James Choate-Munitz, Staff Writer

This Sunday, many churches will be remembering one of the key moments in Jesus’ life: his baptism. In the Gospel according to Matthew, John the Baptist protests, “I need to be baptized by you, and do you come to me?” (Matthew 3:14, NRSV) Jesus, however, is undeterred, and tells John that the act is necessary to fulfill “righteousness.”

Some scholars have maintained that this incident was embarrassing to the early Christian Church, but that the faithful saw it as a necessary part of Jesus’ story. The question that has caused the most bitter disputes throughout the centuries, however, is whether it was absolutely necessary that John baptize the Messiah, or whether Jesus might have been able to baptize himself. This issue opened up a bitter feud in the first generation of Christians, and has only become more acrid in the years since.

The earliest evidence of the rift between those who claimed that Jesus really baptized himself and those who say the scriptures are correct comes from the Gnostic Gospel of Marcus Hissyfit. In that text, disciples Peter and Bartholomew got into a slap fight over the issue. Bartholomew said he would only admit John baptized Jesus “‘over my dead body.’ Peter said, ‘Fine by me,’ and the slapping did commence.” (Gospel of Marcus Hissyfit 21:17, Phillips translation)

A mosaic found in a late 1st Century Roman bath at a private home illustrates how popular the idea of Jesus’ self-baptism had become. The colorful tile renders an image of Jesus pouring water over his own head while a dove hovers above. A figure in the distance, presumably John the Baptist, looks on in amazement. In the lower right corner are the words, in Latin, that read, “Paul said it; I believe it; that settles it.”

Most historians acknowledge that this question directly led to the split between the Roman and Orthodox branches of the faith. The Roman Church argued that Jesus was not ordained and thus not able to baptize anyone. John was a baptizer only by special dispensation from God. The Orthodox theologians countered with the assertion that the Holy Spirit himself ordained Jesus in a quiet ceremony in Galilee before Jesus sought out the waters of the Jordan River. Eventually, the argument sparked violence in the streets and historic division in the Church.

For many centuries, Jesus’ baptism took a back seat to questions about whether or not priests should be allowed to play cards or if it were acceptable for lay people to say the word “Nebuchadnezzar.” Then, a priest named Martin Luther came along to shake the very foundations of his Church.

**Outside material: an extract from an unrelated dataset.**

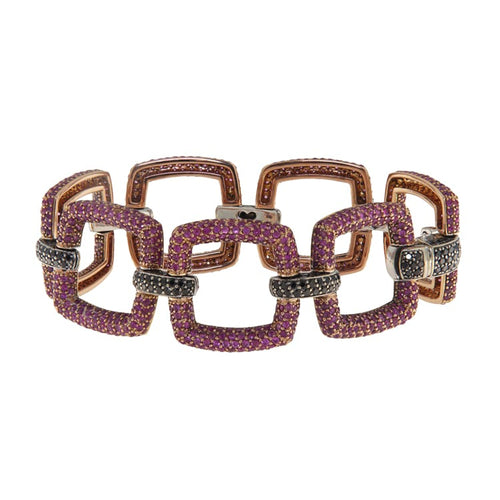 Bracelet Bracelet en or rose et blanc, rubis et diamants noirs 58 Facettes G3958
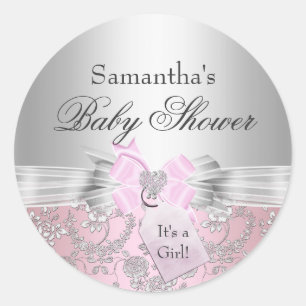 Hübscher Bogen & Florales Baby Shower Aufkleber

In 1517, Luther hammered his “One Great Truth Along with 95 Theses” onto a Laundromat door in Wittenburg, Germany. He wrote that “Jesus the Christ, Our Savior, did baptize himself, forever breaking the Devil’s hold on mankind.” The remaining theses, Luther told his mailman, were “really rather unimportant compared to that One Great Truth.” The Protestant Reformation had begun.

Today, most scholars believe that John baptized Jesus, though Jesus could have baptized himself if he wanted to. A few, however, still hold firmly to the idea that Jesus did perform self-baptism. The most notable in the latter group are theologians of the Church of Jesus Christ of Self-baptized Saints. Their argument is that close textual analysis shows that the hidden message in the Gospels is that Jesus baptized himself in the Jordan River.

Not surprisingly, members of the SBS, as the church is frequently known, are persecuted for their faith. It is illegal in 16 states for SBS members to marry one another, and in 9 states, church members cannot purchase root beer.

From the earliest days of the Christian faith, Jesus’ baptism has sparked debate. Could Jesus really have had the authority to baptize himself, as some suggest? Or did John the Baptist do the deed, as the Roman Catholic Church and the Gospels attest? Whatever your opinion, remember one thing: self-baptism is punishable by death in the electric chair in the state of Texas.